Die NRW-Landesregierung will nun doch am Sozialticket für Bedürftige im Nahverkehr festhalten. Für das kommende Jahr sind die Zuschüsse gesichert. Nutzer machen sich mit einer gemieteten Luxuslimousine für eine dauerhafte Förderung stark. 

Auch 2018 soll es einen Landeszuschuss von 40 Millionen Euro für die verbilligte Fahrkarte geben, versicherte NRW-Verkehrsminister Hendrik Wüst (CDU). Damit zeigte die Debatte der letzten Tage Wirkung: die mehr als 300.000 Bedürftigen dürfen ein weiteres Jahr vergünstigt Bus und Bahn fahren. Am Mittwoch beschäftigt sich der Landtag mit der Zukunft des Tickets.
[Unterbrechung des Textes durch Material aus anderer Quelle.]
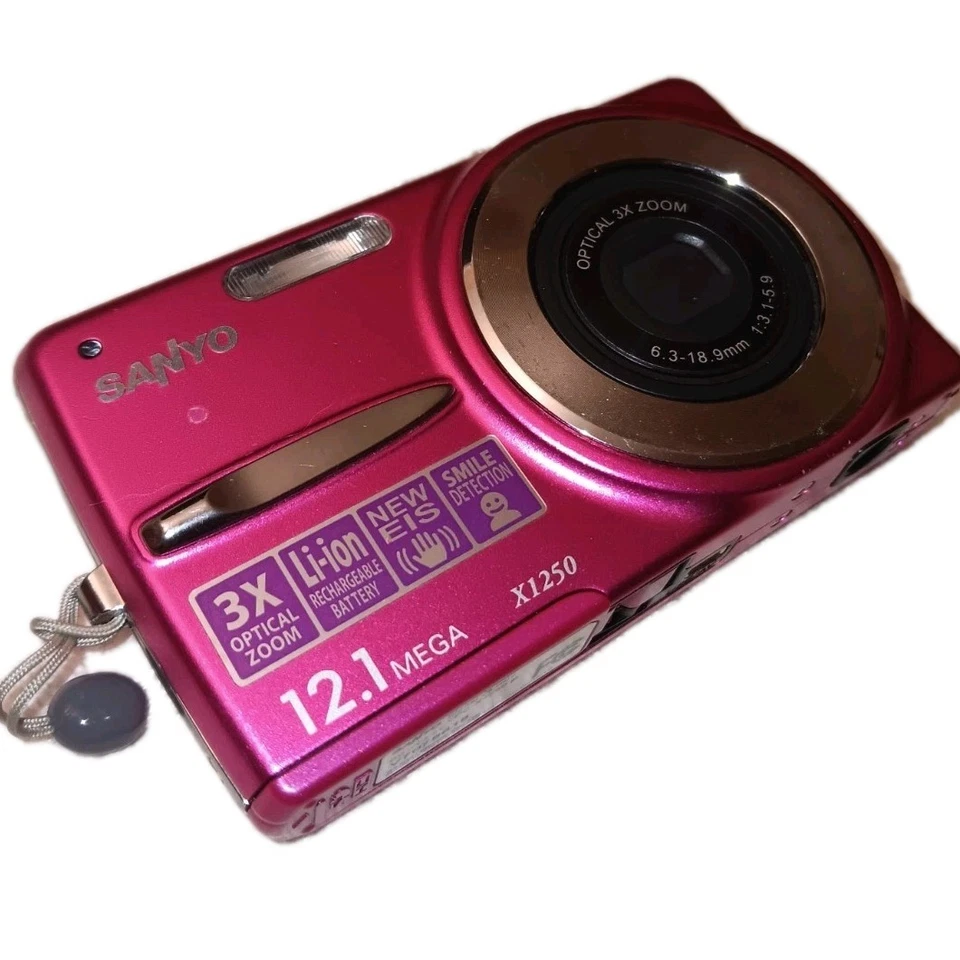 Sanyo VPC-X1250 12.1 MP 3X Optical Zoom Camera Pink No SD Card No charger - Image 3 of 4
Parallel dazu wollen arme und wohnungslose Nutzer des Sozialtickets mit einer gemieteten Limousine vor das Gebäude fahren. Vor Ort fragen sie nach den Alternativen. Es fehle ein grundsätzliches Bekenntnis zum Sozialticket für die komplette Legislaturperiode, sagte Sozialarbeiter Oliver Ongaro vom Düsseldorfer Straßenmagazin „fiftyfifty“, das die Aktion initiiert.

Ursprünglich hatte die schwarz-gelbe Regierung geplant, die Finanzierung des Sozialtickets bis 2020 einzustellen. Vor allem Sozialverbände und die Oppositionsparteien hatten das Vorhaben stark kritisiert.